I know by now many of you don’t remember Mr. Dangerfield. He was a comedian who was born in 1921 and passed away in 2004. The life-long theme to his comedy was his catch phrase, “I don’t get no respect.” This is the plight of headache disorders, and why it would make anyone choose some other chronic illness, if they had a choice, rather than a headache disorder.
I used to think the problem was the fact that severe headache disorders were so rare. That is not true. Headache disorders are the fifth cause of disability world-wide, and they causes more disabled days than all other neurological conditions combined.
The real problem is that headaches are so common . . . at least milder ones. Virtually everyone gets a headache now and then. Not everyone gets a touch of MS, or a little bit of cancer, or a tad of stroke. So, when you have one of those last-mentioned disorders, you immediately get the respect and compassion you deserve from those around you.
I cannot count the times that a patient has told me that they reported to their boss that they missed work due to a headache, and the boss smirks and says something like, “Really? I always work through my headaches and they go away.” That’s what I’m talking about.
Headache disorders are a broad spectrum of syndromes. On the good end, (if there is a good end), is where someone has a mild headache a few times a year, and that is usually after some bad behavior, such as drinking too much or staying up too late. Then, in the middle are those who have a severe headache now and then, but not too often. At the bad end of the spectrum are many people who suffer tremendously from severe headaches that come several times a week, if not daily. We, as a clinic, usually serve those on the worst end, and we do it with great respect and compassion.
While virtually all headache sufferers are familiar with the quick dismissal of their symptoms by bosses, friends, parents, or in the worst cases, spouses; sometimes we don’t recognized the depth and harm of this disrespect in other areas. I want to review a few consequences that you may not have thought about in these terms.
I’m sorry to mention this, but another reason headache disorders have been disrespected is because it is most common among women. For a few hundred years, headaches were dismissed as a weakness of females or frail men. The truth is, some of the toughest people in history, like Napoleon and Joan of Arc, have suffered from migraine disorders.
The other night I watched the first episode of Ken Burn’s new film series, Cancer: The Emperor of All Maladies. It was hard for me to imagine that there was a time about 100 years ago when cancer was disrespected, too. Not because it was mild, but because it was feared. People didn’t like to talk about it or be around people who had it. Like with headache work today, there was virtually no funding or research. This gradually changed over time under the auspices of such fund-raising champions as Mary Lasker. She alone was responsible for raising at least a billion dollars for cancer research and ushered in many great cures and treatments.

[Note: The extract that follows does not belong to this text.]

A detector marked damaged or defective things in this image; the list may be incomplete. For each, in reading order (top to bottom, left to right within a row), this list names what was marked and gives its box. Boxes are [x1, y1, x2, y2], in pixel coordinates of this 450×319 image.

Headache research gets a pitiful amount of funding when compared to far less disabling conditions, such as erectile dysfunction. Patients voice frustration that we don’t know more or have better tools for treating headaches. Therefore, many, understandable, fall for simple answers or treatments that are not supported by research. For the first time this lack of rescearch money is beginning to change. There is a grass roots movement called The 36 Million Campaign (see: www.americanmigrainefoundation.org), which intends to raise just one dollar for each migraine sufferer. Presently there is less than nickel spent annually in research per migraine sufferer.
Another aspect of funding that impacts patients is the poor reimbursement that headache clinics like ours receive. It is very hard to get young providers to study headache as a specialty because they know it is not very lucrative. There are fewer and fewer headache clinics because they are not viable financially. This is because good headache work takes a lot of time. It is much easier to sew up someone who has been mauled by a dog than to get to the bottom of a headache problem and create the most effective and safe treatment plan. Yet, insurance companies would pay many times over for the care for the dog bite because they see it as far more serious than “just a headache.”

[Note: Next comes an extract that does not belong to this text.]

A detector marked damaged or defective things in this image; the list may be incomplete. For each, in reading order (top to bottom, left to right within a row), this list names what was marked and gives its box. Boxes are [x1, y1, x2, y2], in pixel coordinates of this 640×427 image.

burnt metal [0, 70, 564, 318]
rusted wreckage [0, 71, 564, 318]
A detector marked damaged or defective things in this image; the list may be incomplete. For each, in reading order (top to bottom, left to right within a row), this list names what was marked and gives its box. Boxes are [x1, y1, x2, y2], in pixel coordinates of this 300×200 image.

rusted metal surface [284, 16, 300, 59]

Headache, as a reason for missing work or school, is often not taken serious by employers or school officials. This seems to be changing for the better. Legal disability is very difficult to obtain if it is based on headaches. Disability should be the very last ditch effort for headache sufferers, as recovery and getting back to full-time employment is the goal. Many agencies, such as private insurers and even Medicare, has language that headache should only be considered a factor for disability. We think that this is unfair, (as if back pain or other medical problems are far more serious).
I have run out of time, but I want to come back and talk about some of the other discrimination that headache sufferers face, and things we can do to start changing society.